Normalleşme için Karabağ'ın bir ön şart haline geldiğini son yaşananlarla birlikte işgal altındaki toprakların büyük bölümünün kurtarıldığını anımsatan Aydın, "Bununla gerekçe de ortadan kalkmış durumda. Tahmin ediyorum ki Türkiye Azerbaycan ile bunu konuşmuş ve itirazları kalmamıştır. Dolayısıyla böyle bir normalleşmeyi bekliyorum" dedi.
"Türkiye tarih komisyonunu tekrar gündeme getirebilir"
İlişkilerin gelişmesinin Türkiye'nin Kafkaslarda daha etkin olmasını sağlayacağını ve uluslararası alanda uğraştığı "Ermeni Soykırımı" konusunda da elini rahatlatacağını belirten Aydın, sözlerini şöyle sürdürdü:
"Burada birtakım açılımlar olacağı anlaşılıyor. Bir görüşme trafiğinin başlayabileceğini düşünüyorum. Çok kolay olmayacaktır çünkü 1999'daki protokoller ortada yok. O zeminde bir anlaşma yapılabilir mi? pek emin değilim. Ankara açısından bakıldığında sınırın açılmasında belli avantajlar vardır ve ilişkilerin normalleşmesi önemlidir ama tek yeterli unsur da değildir. Bu daha çok Ermenistan'a avantaj sağlayacak bir şey. Mesela 1999'da bir ortak tarih komisyonunun kurulmasından bahsedilmişti. Tartışmalar başlarsa Türkiye bu tür konuları tekrar gündeme getirebilir."
"Türkiye-Ermenistan sınırının açılmaması için bir neden yok"
Agos Gazetesi Genel Yayın Yönetmeni Yetvart Danzikyan da iki ülke ilişkilerinde yeni bir kapı aralanabileceğini düşünenlerden.
Karabağ savaşında Türkiye ile Azerbaycan'ın zaferle çıkma halinin ortaya yeni bir durum koyduğunu belirten Danzikyan, "Ankara bugüne kadar Karabağ sorunu olduğu için kapıları açmıyordu. Artık Türkiye'nin Ermenistan ile sınırını kapalı tutması için bir nedeni yok" dedi.
Türkiye açık açık söylemese de Ermenistan'ın 1915 "Ermeni Soykırımı"nı gündeme getirmesini de gerekçelerden biri olarak gösterdiğini kaydeden Danzikyan, "Ankara bunu tekrar masaya koyabilir ama Karabağ savaşından sonra bölgede yeni bir denge oluştu.
Ekonomik ilişkilerin baskın çıktığı bir denge.
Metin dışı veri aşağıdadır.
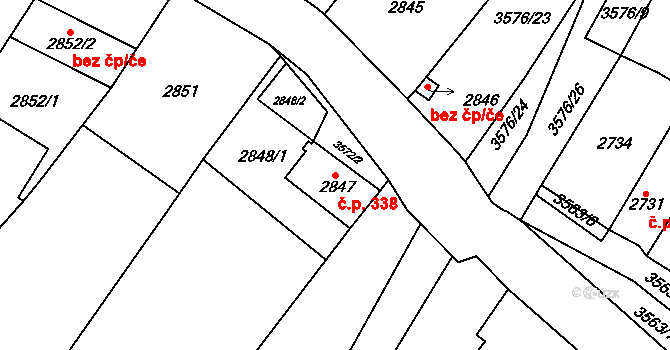 Nosálovice 338, Vyškov na parcele st. 2847 v KÚ Vyškov, Katastrální mapa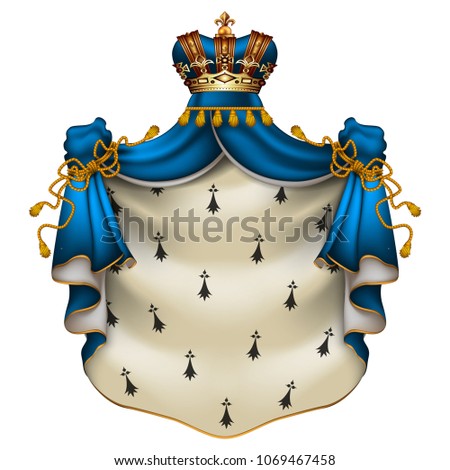 Heraldic background with a blue ermine royal mantle with a crown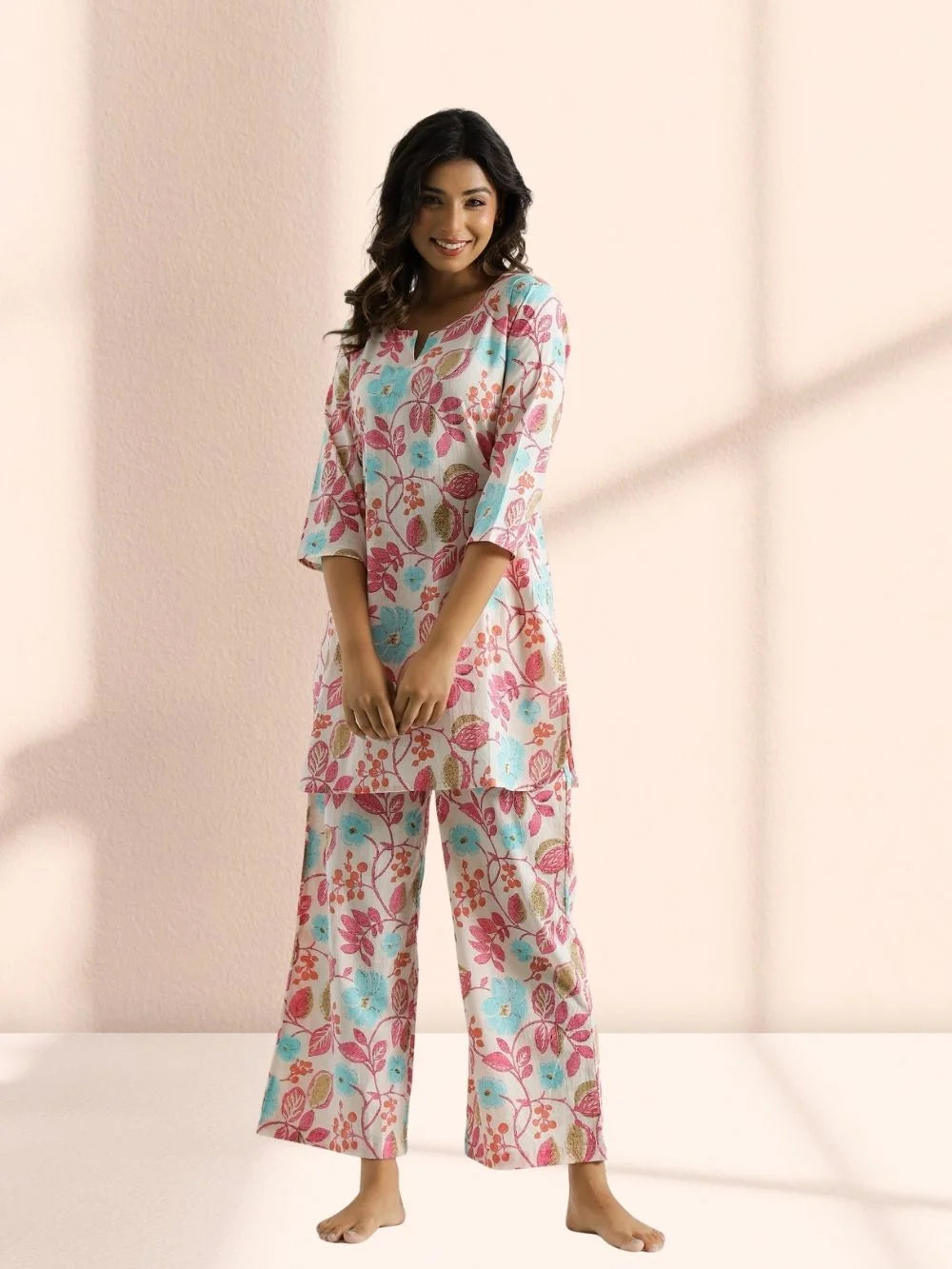 Pastel Floral Printed Women's Co-ord Set - Rheycart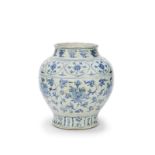 A BLUE AND WHITE 'LOTUS' JAR, GUAN Ming Dynasty, 15th/16th century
Türkiye'den Azerbaycan'a oradan da Orta Asya'ya uzanacak bir koridor. 9 Kasım'da Rusya'nın aracılık ettiği, Bakü ve Erivan'ın imza koyduğu anlaşmada böyle bir koridor vardı" ifadelerini kullandı.
"Koridor Türkiye için önemli"
Koridorun siyasi ve askeri olarak Azerbaycan'a yerleşmiş Türkiye'nin de ilgisini çektiğini ifade eden Danzikyan, "Koridor ekonomik anlamda Türkiye için önemli hale gelmiş vaziyette. Erdoğan'ın Bosna Hersek dönüşünde yaptığı açıklamasından ekonomik ayağa daha fazla önem verdiğini görüyoruz. Sınırın açılması Ermenistan ve Paşinyan hükümeti için de ekonomik anlamda bir hefes alma imkanı getirir" diye konuştu.
Karabağ'daki mağlubiyete rağmen Paşinyan'ın 20 Haziran seçimlerinden galibiyetle çıktığını hatırlatan Danzikyan, devamında şunları söyledi:
"Paşinyan'ın seçmen açısından elinin güçlü olduğunu söyleyebiliriz. Ermenistan kamuoyuna bakıldığında muhalefetin sesi çok çıkıyor ama seçim sonuçları bazen başka türlü olabilir. Dolayısıyla mesele ekonomik anlamda Paşinyan içinde bir çıkış yolu olabilir. Nereye varır bilinmez ve bu tür konularda temkinli olmak icap eder ama bir yere varma imkanı da var. Saydığım sebeplerden dolayı iki ülke arasında yeni bir kapı aralanabilir. Evet, ilişkiler çok kırılgan ama ‘baştan bu iş bir yere varmaz' da dememek lazım. Bir yere varması mümkün."